Allow courts to "fire"[1] high level managers and executives who either can be proven to have actual knowledge, or who should have known by nature of their position that the crimes were occurring, and who failed to take appropriate steps to try and prevent this from continuing to occur[1].

This would only apply for significant enough crimes, and only if the criminal nature of the action is clearly obvious (This is not some gray area where people could reasonably believe the actions are legal, even if it turns out not to be), or when person in question was clearly on notice that the actions are illegal such as from previous fines or similar enforcement action.

This has benefits over criminally prosecuting the people, since it allows ousting a person for severe incompetence in preventing crimes, even if the incompetence does not rise to the level of being criminal in itself. It is also better than really large fines which tend to actually punish the wrong people. (Big enough fines lead to layoffs, punishing the low level employees who may not be at fault. Big enough fines also tend to punish the shareholders, which for public companies often don't have anywhere near enough transparency into the workings of the company to know the crimes are occurring, and pressure the management/executives to fix things.). This generally makes it in management's personal best interests to actually investigate and stop crimes occurring within the company, rather than trying to brush it under the carpet or accepting fines as "the cost of doing business". After all, getting forced out of the company kinda hurts both their pride and their wallet.

[1] This "firing" would take the form of voiding the employment contract, enjoining the manager or executive from performing managerial/executive functions, enjoining the company from continuing to employ the individual, or from paying the person anything more than for time worked not already paid. (Specifically no severance, no executing golden parachute clauses, etc.)

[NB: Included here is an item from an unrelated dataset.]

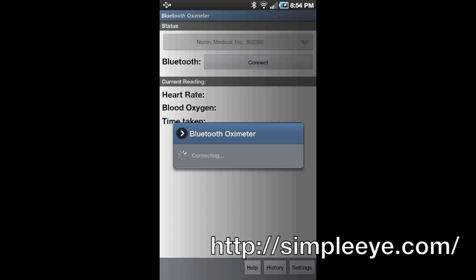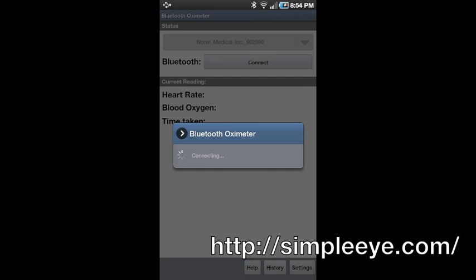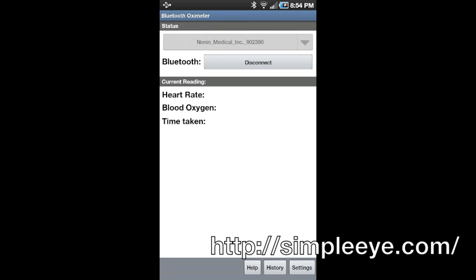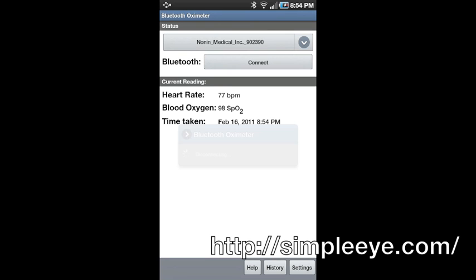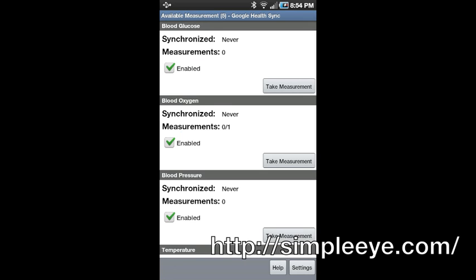Turn on your Bluetooth pulse oximeter to take the measurement. Once the measurement has been taken, tap the Back button to return to Simple Eye Google Health Sync. You will see that the number of measurements has been updated to include the new measurement you just recorded.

[2] The nature of the crime, like OHSA violations might be pretty much impossible to completely prevent, and sometimes the person in question, might not have the authority to issue orders that could completely prevent the crime from continuing, but must have made reasonable efforts to get the person who does have the authority to to be aware and take actions.


This would requite a major refactor of the legal system. Probably would take a couple thousand man-years to implement. Suggested workaround: just put those bastards in jail for a few days.


My thoughts exactly. Meta appears to be willing to throw any amount of cash at a problem -- how many executives are willing to be put in jail for the same goal? May be time to strengthen the underlying legislation to include criminal charges for repeat-repeat offenders at scale.


> they'll need to impose a much higher penalty - perhaps this is out of the domain of what courts can reasonably enforce and we need the legislature to take action

Washington requested and received injunctive relief [1]. Next steps would involve documented ongoing willful violation, getting a contempt of court ruling and then getting nasty with Facebook's assets and employees.

[1] https://agportal-s3bucket.s3.amazonaws.com/174_StatesMSJ.PDF


$23mm to Meta is the same as a few dollars is to me. Just a small operating expense.


Setting fines like this can always have an incentive problem (see also extraction companies with "oops, I shouldn't have mined/cute/whatever there").

I've always wondered if a sensible structure could be made to ensure that the fine is at minimum a few multiples of the possible benefit to the company. With advertising this is harder than say, falling trees.

e.g. we estimate your company generate revenues of X from this activity, so we set the fine at 10X. If you disagree with X, you can prove it with detailed, audited statements, and we will take 10 times that amount if we are convinced.


You have put a smile on my face today.